EXERCISE BRIEF:
Exact copy, no pictures: every line from the one that contains "Bon Ton Toys" through the end of the data below, and nothing else.
--- RECORDS SUPPLIED Enclosed Below ---
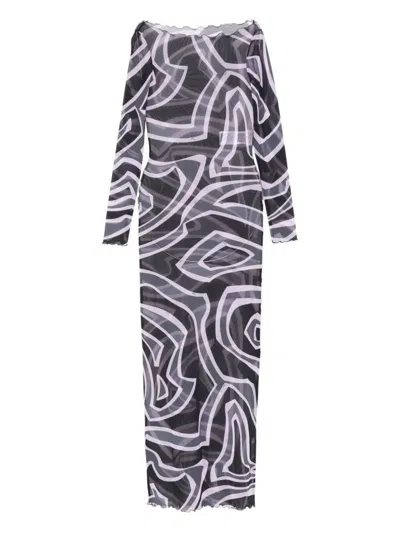 Pucci Maxi Dress With Abstract Pattern And Long Sleeves In Black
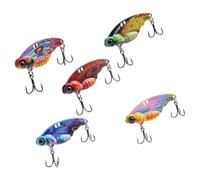CAZSTYK 5Pcs Metal Spinner Fishing Baits Trolling Swimbait Artificial Hard VIB Vibrations Spoon Lure Tackle Metal Spinner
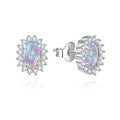 925 Sterling Silver Opal 4*6mm Oval Shape Small Jewelry Earring Stud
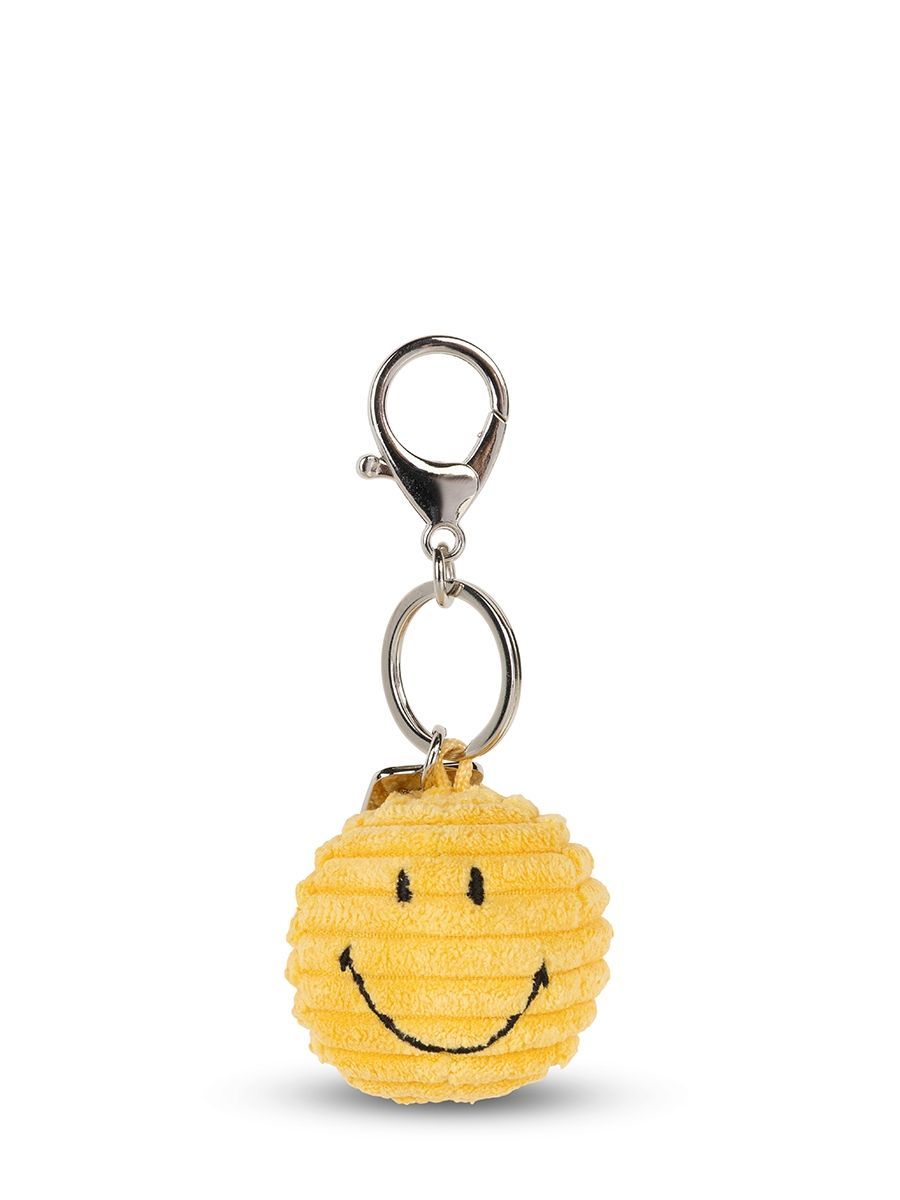 Bon Ton Toys Smiley Cord Schlüsselanhänger gelber Plüschanhänger aus Feincord mit gesticktem Lächeln und Metallring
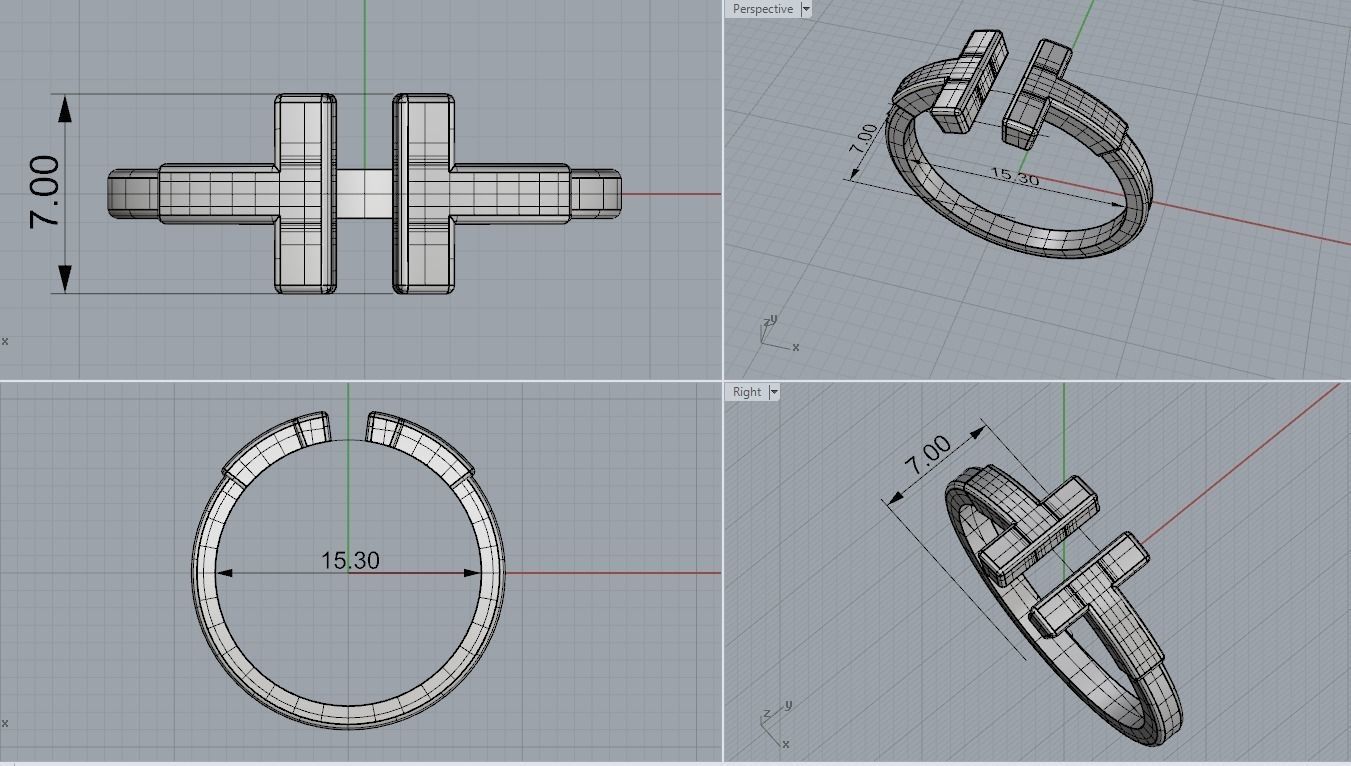 T ring bar gold 3D print model_3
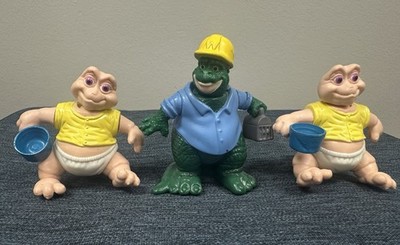 Vintage Earl and (2) Baby Sinclair McDonalds Dinosaurs Dino-Motion Toys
--- End of Enclosed RECORDS SUPPLIED ---
RESULT FOR THIS EXERCISE:
 Bon Ton Toys Smiley Cord Schlüsselanhänger gelber Plüschanhänger aus Feincord mit gesticktem Lächeln und Metallring
 T ring bar gold 3D print model_3
 Vintage Earl and (2) Baby Sinclair McDonalds Dinosaurs Dino-Motion Toys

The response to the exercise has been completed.